The main intuition at work is that there is something to be explained--some phenomenon associated with first person experience. . . The only consistent way to get around the intuitions is to deny the problem and the phenomenon altogether. (Chalmers 1996 p.110)

The main theme of this paper is that the second sentence in the above quote does not follow from the first. I intend to get around those intuitions by accounting for their existence, not by denying it. But accounting for their existence is very different from taking it for granted. Just because the existence of consciousness as Chalmers describes it seems to be a brute fact, does not mean that it is a brute fact. If I can come up with an alternative explanation why it seems to Chalmers and others that consciousness forces itself upon us as a brute fact that evades all causal explanation, I do not have to take their claims at face value. And if that alternative explanation is simpler and more coherent than Chalmers', he will no longer have the epistemic right to describes his feelings on this subject as an unquestionable "bedrock of intuitions". For such a supposed bedrock could be used to justify an entirely different theory of consciousness if it were reinterpreted in a different context.

The Sellarsian Alternative to the Given

My primary inspiration for this alternative explanation will be Wilfrid Sellars' critique of "the Myth of the Given". But I will not limit myself to Sellars scholarship. I will borrow from the ideas of those who have built on Sellars' insights, and freely add interpretations of my own. My goal is to sketch an alternative explanation that is directly aimed at Chalmers' description of common sense intuitions, that will enable us to reinterpret them in new and fruitful ways. We can, however, begin with a quote from Sellars' "Empiricism and the Philosophy of Mind", which Sellars considered important enough to put in italics.

For we now recognize that instead of coming to have a concept of something because we have noticed that sort of thing, the ability to notice a sort of thing is already to have the concept of that sort of thing and cannot account for it. (Sellars 1963 p. 176)

What makes this quote relevant to our discussion is that Sellars believed that this was true not only for concepts like 'table" and "green", but also for the concepts with which we comprehend our subjective experience. To paraphrase the above quote, we do not come to have a concept of subjective experience because we have noticed that we have subjective experience. Rather the ability to notice that we have subjective experience is already to have the concept of it. This means that because we have inherited a folk-Cartesian concept that includes a doctrine of direct access, we will experience ourselves as confronting first person subjectivity as a brute fact, an explanandum, and thus the hard problem seems to be unavoidable. This is why a large majority of people think that something other than structure and function needs explaining: Because introspection tells them so. However, the Sellarsian view can account for this experience without asserting that we must know on the basis of introspection that we are conscious.

Sellarsians claim that the existence of internal states is something we posit to explain certain facts about our life in the world. (for example, the fact that sometimes we hallucinate and have red-apple experiences when there are no red apples present., or that red apples look orange in yellow light.) Consequently, introspection does not directly reveal to us that we have mental states, rather introspection is only possible because we accept a theory that posits the existence of mental states that can be introspected.
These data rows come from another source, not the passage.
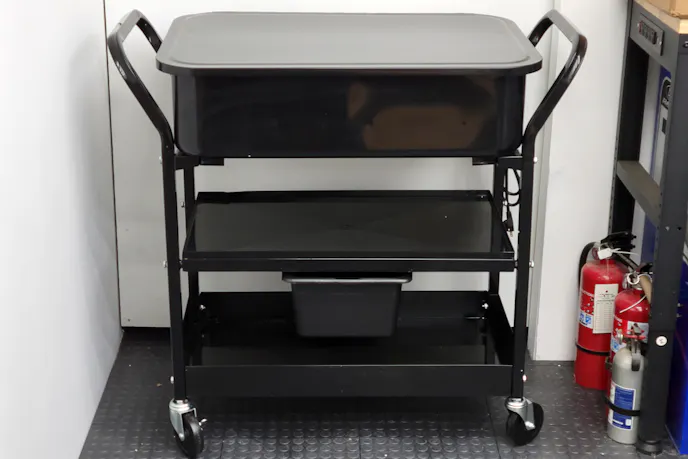 Summit Racing 16-gallon parts washer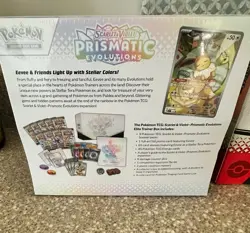 Pokemon TCG: Prismatic Evolutions Elite Trainer Box & Poster Collection - SEALED - Image 3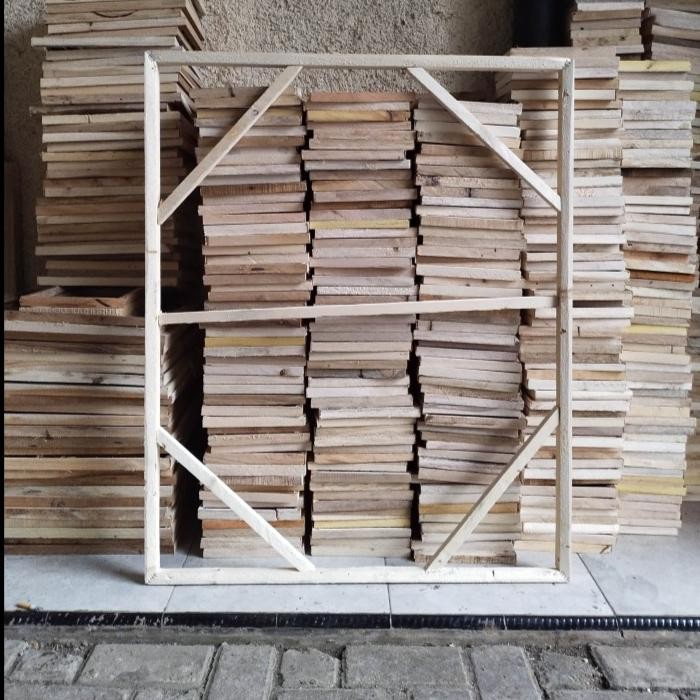 

Kanvas Lukis / Media Lukis Uk 75Cm X 75Cm Putih Premium Berkualitas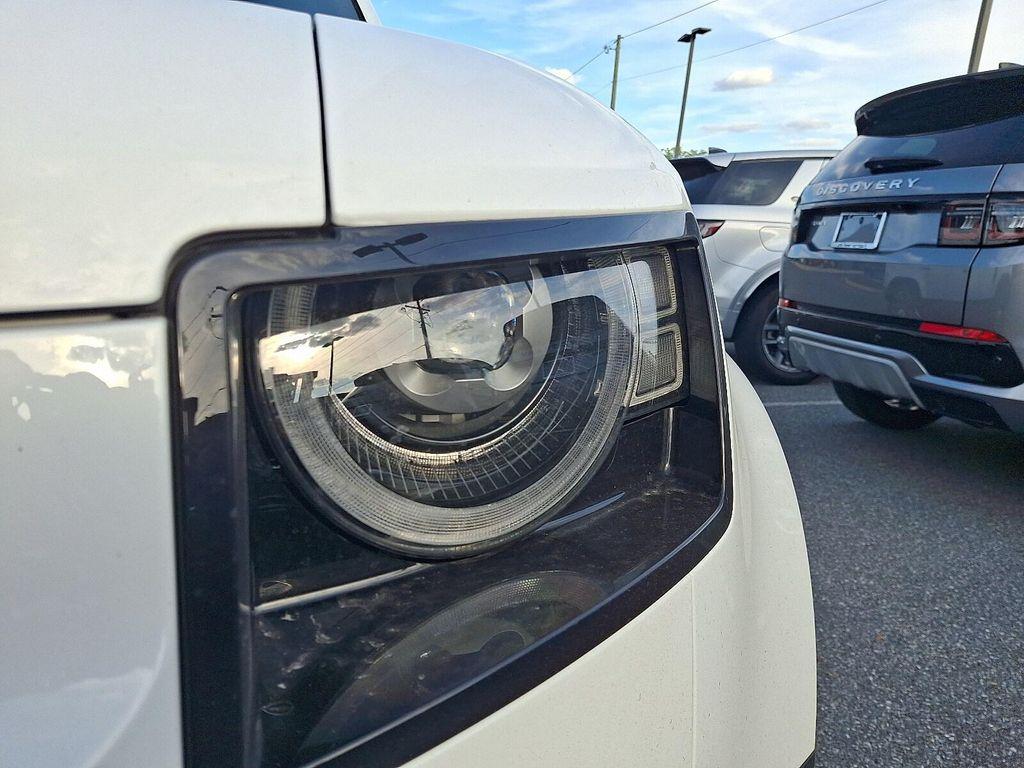 used 2023 Land Rover Defender car, priced at $61,590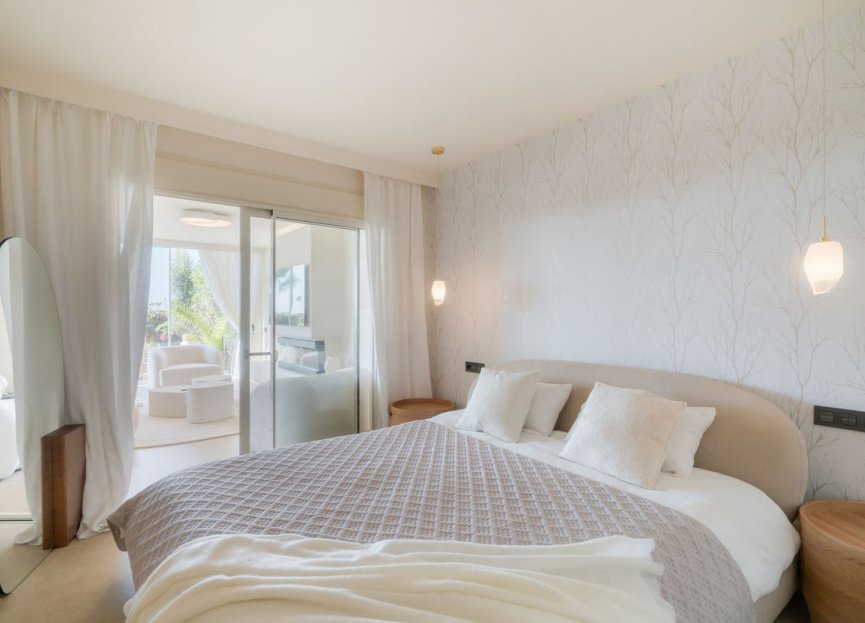 Resale - Ground floor apartment - Marbella - Nueva Andalucia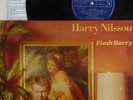 SUPERB & RARE HARRY NILSSON FLASH HARRY 1980 MERCURY 1Y/2Y INSERT EX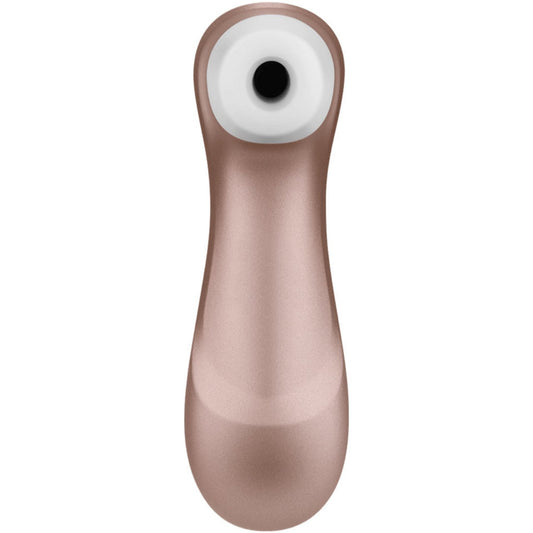 Satisfyer Pro 2 Next Gen Clitoral Vibrator - Brown- Front Opening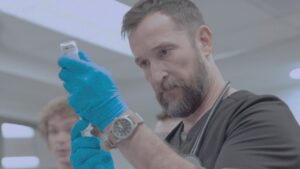 personagens The Pitt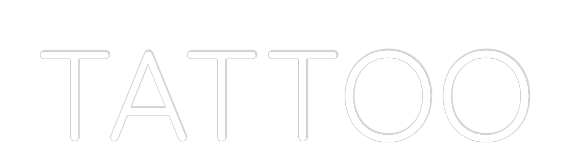 Custom Neon Sign Online Editor TATTOO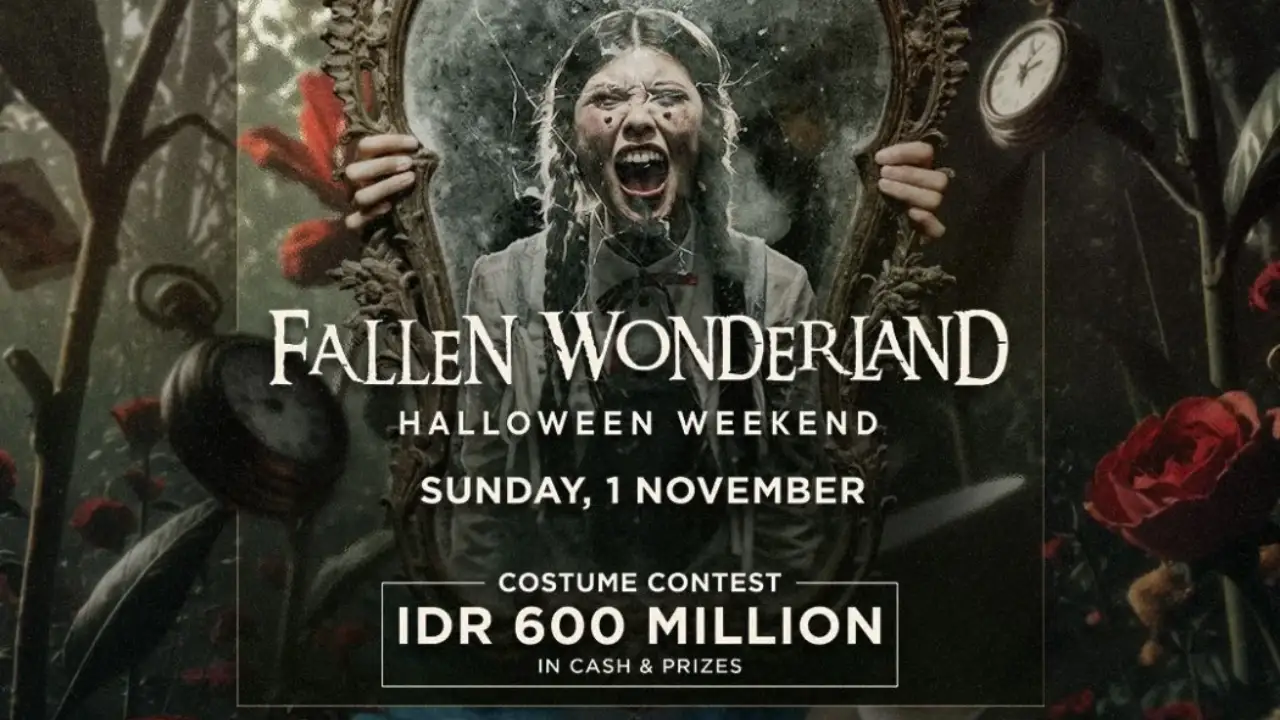 savaya fallen wonderland 2026 halloween party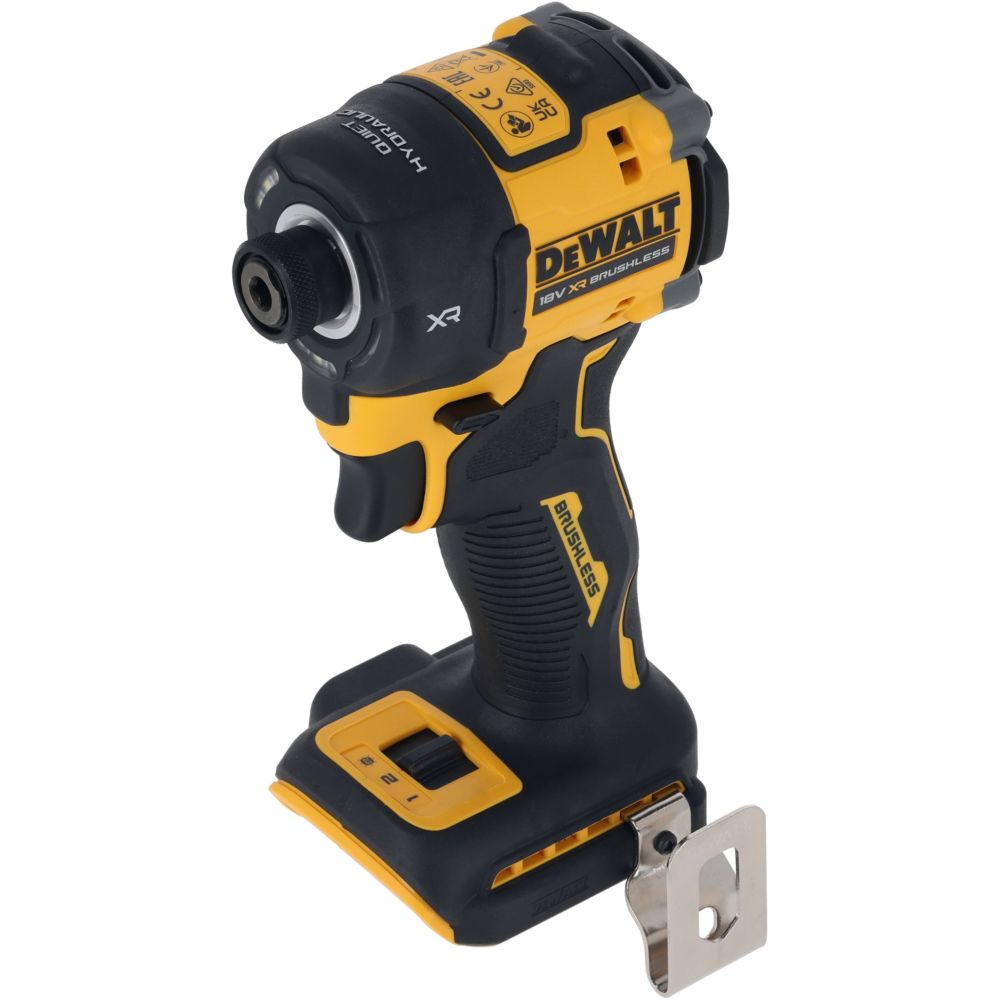 Аккумуляторный масляный шуруповерт DEWALT DCF870P1, 18 В, 56 Нм, 4200 уд/мин, с АКБ 5 Ач и ЗУ (DCF870P1N-XJ)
Those who have genuinely appropriated such a theory spontaneously make a distinction between inner events and outer events, and it thus seems to them that the inner events are directly given, and that the outer events are only inferred from those inner events. Professional epistemologists eventually refined this assumption into various sense datum theories. These eventually became so full of conceptual tangles that eventually Sellars had to come along and posit a new theory, which said that none of our experience is directly given, not even our experience of our own inner states.

Sellarsians do not deny that it seems to us that our mental life is central and manifest, and the fundamental explanandum in the science of mind. But they account for this appearance by saying that our theories trickle down into our experience in such a way as to make the distinction between explanandum and explanans untenable. The explanandum is a spontaneous taking, the explanans is a deliberate taking, but both are theoretical judgments, and will inevitably change places in our epistemic space, as we learn to know our way around in our environment. When a theory helps us become more at home in the world, we naturally begin to experience the world in it's terms. This is what Patricia Churchland meant when she said " "the available theory specifies not only what counts as an explanation, but also the explananda themselves" (P.S. Churchland 1986 p.398)

Because our inherited folk-Cartesianism posits consciousness as something directly given, and takes cognitive functions and contents to be mediated or inferential, we began to spontaneously take there to be something we call "experience", which is supposedly different from the things in the outside world that are being experienced. It thus seems obvious to us that experience is a further prima facie phenomenon that needs explaining. It also seems obvious that anything that looks like what we think of as a structure and function based explanation cannot possibly do the job. But the fact that this seems obvious does not necessarily mean that it is true. It just means that it appears to be true for those who are spontaneously experiencing the world in Folk-Cartesian terms.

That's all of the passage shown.